Nothing suggests failure like a president who spends a foreign trip defending his foreign policy. Yet there was President Barack Obama at the end of his Asia trip in Manila last week, struggling to offer a nuanced view of his handling of global affairs. American interests have taken a beating recently in Syria, Egypt, Israel, Ukraine and elsewhere. But the carping from Obama's conservative critics masks a central difference between the foreign policy of this president and the last one — and for that matter, the Republicans who ran against him for the White House. While the path has been bumpy and occasionally tentative, Obama has avoided making the big strategic mistakes that are so costly in both human and financial sacrifices and that can scar entire generations.
Republicans have hounded Obama for refusing to intervene more directly in Syria's civil war and for failing to more aggressively confront Russia for its incursion into Ukraine. The criticisms have come against a backdrop of other criticisms about the effectiveness of the president's foreign policy, from the collapse of peace talks between the Israelis and Palestinians to the latest crackdown on the prodemocracy movement in Egypt by the military-led government that ousted the first popularly elected president, Mohammed Morsi. The refrain argues that if Obama was more forceful in threatening U.S. military action the bad actors and outcomes would disappear.

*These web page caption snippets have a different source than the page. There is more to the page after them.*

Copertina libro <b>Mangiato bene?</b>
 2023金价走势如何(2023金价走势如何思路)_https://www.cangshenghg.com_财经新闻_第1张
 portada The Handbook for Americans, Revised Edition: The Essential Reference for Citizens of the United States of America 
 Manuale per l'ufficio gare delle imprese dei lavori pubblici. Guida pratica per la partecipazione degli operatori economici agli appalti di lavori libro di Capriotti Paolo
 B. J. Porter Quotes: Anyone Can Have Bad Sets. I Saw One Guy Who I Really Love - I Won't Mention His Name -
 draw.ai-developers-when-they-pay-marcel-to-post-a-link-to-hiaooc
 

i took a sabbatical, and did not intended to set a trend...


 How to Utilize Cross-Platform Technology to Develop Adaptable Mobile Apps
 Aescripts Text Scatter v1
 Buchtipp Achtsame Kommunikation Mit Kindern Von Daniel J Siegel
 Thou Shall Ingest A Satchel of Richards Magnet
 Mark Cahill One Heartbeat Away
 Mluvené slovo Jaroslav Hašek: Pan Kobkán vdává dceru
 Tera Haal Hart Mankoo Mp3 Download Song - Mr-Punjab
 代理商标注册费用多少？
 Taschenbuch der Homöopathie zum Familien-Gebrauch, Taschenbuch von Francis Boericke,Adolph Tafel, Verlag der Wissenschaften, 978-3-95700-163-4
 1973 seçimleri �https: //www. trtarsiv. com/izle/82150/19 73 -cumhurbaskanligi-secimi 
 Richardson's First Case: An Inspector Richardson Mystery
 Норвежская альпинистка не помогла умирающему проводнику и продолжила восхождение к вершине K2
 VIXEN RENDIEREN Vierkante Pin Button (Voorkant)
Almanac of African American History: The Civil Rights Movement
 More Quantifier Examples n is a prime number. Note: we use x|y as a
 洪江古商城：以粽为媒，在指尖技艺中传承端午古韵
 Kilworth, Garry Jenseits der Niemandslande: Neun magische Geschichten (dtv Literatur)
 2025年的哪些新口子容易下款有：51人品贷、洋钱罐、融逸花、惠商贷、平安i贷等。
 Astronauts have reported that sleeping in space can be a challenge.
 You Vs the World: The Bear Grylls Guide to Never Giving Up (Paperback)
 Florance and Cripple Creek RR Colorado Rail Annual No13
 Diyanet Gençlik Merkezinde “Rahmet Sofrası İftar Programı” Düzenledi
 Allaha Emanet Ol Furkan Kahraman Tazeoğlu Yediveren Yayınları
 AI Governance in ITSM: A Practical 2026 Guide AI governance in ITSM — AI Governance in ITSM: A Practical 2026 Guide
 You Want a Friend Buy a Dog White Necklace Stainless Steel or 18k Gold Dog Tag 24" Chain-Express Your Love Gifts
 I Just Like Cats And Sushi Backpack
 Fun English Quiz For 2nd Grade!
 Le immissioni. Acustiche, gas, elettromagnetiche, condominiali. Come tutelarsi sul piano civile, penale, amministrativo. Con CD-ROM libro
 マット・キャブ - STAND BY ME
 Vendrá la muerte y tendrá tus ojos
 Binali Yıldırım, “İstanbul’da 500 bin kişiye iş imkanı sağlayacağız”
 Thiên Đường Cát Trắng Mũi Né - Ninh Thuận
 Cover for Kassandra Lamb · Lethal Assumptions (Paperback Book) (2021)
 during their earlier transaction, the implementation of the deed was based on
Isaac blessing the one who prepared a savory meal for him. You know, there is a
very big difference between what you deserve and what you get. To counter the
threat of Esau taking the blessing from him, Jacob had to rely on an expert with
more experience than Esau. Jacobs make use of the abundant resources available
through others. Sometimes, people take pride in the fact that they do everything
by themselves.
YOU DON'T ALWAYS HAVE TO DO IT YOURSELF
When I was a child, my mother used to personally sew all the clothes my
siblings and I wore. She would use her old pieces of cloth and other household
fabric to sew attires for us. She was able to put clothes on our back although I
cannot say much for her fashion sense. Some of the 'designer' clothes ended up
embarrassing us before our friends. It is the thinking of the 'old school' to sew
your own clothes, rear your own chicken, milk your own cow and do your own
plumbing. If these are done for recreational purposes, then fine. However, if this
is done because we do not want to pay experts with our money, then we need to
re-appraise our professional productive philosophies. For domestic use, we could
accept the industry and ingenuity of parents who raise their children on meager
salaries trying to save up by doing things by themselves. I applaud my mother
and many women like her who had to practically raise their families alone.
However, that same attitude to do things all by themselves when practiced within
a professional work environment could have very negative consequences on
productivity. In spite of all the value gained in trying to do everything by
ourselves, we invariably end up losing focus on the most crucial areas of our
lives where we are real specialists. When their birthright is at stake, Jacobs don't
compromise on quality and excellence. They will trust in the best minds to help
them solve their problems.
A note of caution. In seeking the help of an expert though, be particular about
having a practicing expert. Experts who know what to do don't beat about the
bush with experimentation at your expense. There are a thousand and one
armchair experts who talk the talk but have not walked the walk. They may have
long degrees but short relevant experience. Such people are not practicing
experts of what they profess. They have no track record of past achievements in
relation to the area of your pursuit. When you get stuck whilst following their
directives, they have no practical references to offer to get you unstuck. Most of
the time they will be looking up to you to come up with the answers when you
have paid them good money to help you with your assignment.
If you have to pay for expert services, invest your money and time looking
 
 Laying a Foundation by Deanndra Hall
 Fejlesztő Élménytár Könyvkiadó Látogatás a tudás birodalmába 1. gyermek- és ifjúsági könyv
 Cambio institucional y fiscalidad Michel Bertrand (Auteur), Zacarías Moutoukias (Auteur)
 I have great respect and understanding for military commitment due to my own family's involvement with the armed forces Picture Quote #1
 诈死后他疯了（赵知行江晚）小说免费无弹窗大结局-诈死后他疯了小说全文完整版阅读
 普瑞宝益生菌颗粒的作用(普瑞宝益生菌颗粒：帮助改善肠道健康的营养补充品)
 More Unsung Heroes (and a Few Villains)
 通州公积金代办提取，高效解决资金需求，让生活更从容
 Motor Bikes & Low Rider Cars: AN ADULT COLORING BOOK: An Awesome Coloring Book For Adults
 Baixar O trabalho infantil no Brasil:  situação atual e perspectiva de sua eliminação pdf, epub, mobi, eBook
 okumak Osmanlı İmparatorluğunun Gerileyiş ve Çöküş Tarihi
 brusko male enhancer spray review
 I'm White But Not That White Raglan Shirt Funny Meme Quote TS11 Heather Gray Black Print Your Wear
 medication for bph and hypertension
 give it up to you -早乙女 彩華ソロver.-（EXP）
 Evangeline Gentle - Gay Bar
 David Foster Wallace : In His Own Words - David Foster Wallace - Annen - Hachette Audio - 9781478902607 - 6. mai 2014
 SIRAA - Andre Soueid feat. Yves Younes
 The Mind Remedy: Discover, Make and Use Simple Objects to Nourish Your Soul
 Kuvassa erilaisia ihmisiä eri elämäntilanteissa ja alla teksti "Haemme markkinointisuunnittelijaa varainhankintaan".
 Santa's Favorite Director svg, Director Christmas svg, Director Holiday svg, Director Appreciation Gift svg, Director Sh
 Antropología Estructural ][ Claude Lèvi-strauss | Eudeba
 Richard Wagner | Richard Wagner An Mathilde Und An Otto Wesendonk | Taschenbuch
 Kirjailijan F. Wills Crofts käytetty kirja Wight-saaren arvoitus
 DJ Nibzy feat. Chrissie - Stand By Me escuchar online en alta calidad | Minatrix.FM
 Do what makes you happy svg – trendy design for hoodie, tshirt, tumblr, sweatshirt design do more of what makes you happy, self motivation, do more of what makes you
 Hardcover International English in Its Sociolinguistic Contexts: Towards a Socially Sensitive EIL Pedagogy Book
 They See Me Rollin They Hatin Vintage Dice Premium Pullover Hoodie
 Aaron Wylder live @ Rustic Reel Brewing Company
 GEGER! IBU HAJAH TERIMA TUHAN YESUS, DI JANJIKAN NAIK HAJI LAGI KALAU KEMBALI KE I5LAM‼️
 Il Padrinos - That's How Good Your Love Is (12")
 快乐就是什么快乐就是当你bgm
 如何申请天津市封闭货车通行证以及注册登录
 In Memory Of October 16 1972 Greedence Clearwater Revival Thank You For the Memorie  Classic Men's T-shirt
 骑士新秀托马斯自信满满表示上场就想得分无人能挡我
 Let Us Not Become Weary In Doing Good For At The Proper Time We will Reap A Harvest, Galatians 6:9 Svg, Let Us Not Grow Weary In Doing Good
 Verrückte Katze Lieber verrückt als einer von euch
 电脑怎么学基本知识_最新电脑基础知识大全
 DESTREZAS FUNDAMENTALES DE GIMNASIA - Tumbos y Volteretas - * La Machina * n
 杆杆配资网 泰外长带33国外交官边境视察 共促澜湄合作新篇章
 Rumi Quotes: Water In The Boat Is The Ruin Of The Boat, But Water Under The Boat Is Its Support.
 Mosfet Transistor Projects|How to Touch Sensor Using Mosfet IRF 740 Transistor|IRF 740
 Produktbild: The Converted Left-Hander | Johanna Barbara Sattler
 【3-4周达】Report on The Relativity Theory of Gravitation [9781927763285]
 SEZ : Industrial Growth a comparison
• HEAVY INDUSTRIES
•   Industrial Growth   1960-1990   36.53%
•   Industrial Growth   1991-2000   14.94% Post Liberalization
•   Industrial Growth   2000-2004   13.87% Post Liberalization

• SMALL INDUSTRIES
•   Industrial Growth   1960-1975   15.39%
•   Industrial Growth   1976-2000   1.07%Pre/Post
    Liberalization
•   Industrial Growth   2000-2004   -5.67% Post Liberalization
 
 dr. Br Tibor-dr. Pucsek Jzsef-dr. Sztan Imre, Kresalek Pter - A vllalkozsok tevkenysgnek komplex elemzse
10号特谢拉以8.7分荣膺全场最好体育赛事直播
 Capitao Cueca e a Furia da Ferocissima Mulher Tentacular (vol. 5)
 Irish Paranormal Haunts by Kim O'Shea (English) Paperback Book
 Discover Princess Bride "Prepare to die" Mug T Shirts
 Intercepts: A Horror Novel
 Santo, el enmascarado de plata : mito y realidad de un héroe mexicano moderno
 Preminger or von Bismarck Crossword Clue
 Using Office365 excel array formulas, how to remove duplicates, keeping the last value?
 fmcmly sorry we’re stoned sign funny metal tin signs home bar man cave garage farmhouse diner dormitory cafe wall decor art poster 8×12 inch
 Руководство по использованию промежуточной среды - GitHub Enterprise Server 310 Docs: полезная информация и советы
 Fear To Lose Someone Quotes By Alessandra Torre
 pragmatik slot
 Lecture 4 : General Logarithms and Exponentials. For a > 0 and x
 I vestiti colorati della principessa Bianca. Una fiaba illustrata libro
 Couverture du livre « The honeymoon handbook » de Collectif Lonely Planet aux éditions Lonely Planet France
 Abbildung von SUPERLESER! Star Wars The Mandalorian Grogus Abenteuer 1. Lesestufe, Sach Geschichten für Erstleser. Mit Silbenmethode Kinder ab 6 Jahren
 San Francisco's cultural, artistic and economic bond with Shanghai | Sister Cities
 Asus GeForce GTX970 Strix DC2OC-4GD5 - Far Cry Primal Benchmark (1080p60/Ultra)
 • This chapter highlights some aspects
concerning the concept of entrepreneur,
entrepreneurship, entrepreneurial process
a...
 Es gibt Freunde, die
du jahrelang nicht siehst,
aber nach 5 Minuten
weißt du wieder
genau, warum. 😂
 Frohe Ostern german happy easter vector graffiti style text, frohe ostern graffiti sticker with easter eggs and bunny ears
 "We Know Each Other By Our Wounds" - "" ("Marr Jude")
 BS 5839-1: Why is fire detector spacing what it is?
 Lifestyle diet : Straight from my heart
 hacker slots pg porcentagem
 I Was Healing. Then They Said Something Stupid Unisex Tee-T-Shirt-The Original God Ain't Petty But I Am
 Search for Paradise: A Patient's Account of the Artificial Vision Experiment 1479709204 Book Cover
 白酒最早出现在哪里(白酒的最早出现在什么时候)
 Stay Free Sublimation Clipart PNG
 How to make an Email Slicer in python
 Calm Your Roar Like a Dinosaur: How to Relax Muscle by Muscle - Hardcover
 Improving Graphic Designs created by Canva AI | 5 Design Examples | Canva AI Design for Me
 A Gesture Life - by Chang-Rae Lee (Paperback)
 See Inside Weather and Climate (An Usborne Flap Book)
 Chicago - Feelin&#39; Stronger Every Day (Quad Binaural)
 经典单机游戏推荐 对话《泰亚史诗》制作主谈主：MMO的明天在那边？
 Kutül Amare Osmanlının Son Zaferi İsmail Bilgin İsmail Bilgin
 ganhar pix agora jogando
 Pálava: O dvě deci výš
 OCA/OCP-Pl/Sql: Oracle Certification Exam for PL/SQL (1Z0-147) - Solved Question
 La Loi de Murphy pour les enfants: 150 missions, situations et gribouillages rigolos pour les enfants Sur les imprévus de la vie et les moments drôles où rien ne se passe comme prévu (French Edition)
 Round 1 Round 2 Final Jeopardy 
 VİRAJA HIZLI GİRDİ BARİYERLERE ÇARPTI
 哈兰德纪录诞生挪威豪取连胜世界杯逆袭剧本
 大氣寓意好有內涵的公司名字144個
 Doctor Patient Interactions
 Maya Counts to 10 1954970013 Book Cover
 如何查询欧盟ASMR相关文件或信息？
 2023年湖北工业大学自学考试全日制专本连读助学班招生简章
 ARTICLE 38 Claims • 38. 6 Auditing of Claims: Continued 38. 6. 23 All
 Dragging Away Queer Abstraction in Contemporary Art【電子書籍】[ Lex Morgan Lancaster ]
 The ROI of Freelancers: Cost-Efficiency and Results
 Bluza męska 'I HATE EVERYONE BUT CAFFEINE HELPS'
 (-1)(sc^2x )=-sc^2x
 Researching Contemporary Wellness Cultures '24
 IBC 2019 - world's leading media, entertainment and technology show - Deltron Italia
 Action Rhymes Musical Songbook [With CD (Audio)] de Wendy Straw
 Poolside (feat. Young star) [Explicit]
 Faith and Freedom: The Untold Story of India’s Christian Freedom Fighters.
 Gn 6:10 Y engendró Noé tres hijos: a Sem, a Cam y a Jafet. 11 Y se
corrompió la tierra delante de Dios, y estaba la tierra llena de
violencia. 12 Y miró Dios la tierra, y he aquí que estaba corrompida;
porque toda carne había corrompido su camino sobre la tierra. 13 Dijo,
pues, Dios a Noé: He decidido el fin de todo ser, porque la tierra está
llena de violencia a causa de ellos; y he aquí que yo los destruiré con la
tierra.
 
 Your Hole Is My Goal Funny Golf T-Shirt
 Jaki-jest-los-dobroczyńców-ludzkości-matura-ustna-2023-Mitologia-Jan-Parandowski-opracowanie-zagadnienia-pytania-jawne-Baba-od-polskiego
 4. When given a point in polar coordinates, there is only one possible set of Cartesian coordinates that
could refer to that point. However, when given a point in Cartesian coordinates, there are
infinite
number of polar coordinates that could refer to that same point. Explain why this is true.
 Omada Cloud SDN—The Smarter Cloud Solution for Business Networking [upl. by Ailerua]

That is an unrealistic view of global politics and of America's military capabilities. It is unreasonable to expect the United States to intervene militarily in Ukraine. Working with Europe to tighten sanctions is a slower and less dramatic but more effective way to punish Moscow for annexing Crimea. And beyond raising the stalemate to a higher risk of violence, arming Syria's opposition with advanced weapons would accomplish little beyond increasing the arms pipeline to militant Islamist groups.
Obama has triggered much of the criticism by sending mixed messages about his resolve to strike Syria militarily, the extent that Ukraine should push back against Russia and American expectations of Egypt in the run-up to new elections. That lack of clarity has tangible costs. Some European allies are looking to soften the Russian sanctions because they fear their own economies would be harmed. Others wonder whether the administration will backtrack on America's security guarantees across the globe.
But Obama's mixed record also is the result of conflicting domestic agendas abroad and the reactive nature of crisis management. While he was unable on his Asia trip to seal the deal on a trade pact with Japan, Obama did secure a new defense agreement with the Philippines. Across a wider front, the United States and Iran are making progress over resolving threats from Iran's nuclear program. And the deal negotiated between the United States and Russia has already removed 90 percent of Syria's chemical weapons stockpile, a peaceful breakthrough many thought implausible only months ago.
Obama inherited a mess in Afghanistan and Iraq, and he wound down those two wars and channeled the American public's war fatigue into a diplomacy-first approach. He should be more consistent in pursuing America's policy goals abroad, and clearer about sorts of situations constitute a threat to the national security interest. But the administration's foreign policy is one built on many tiny steps forward rather than dramatic military intervention, and as messy and frustrating as that can be it is the more responsible approach.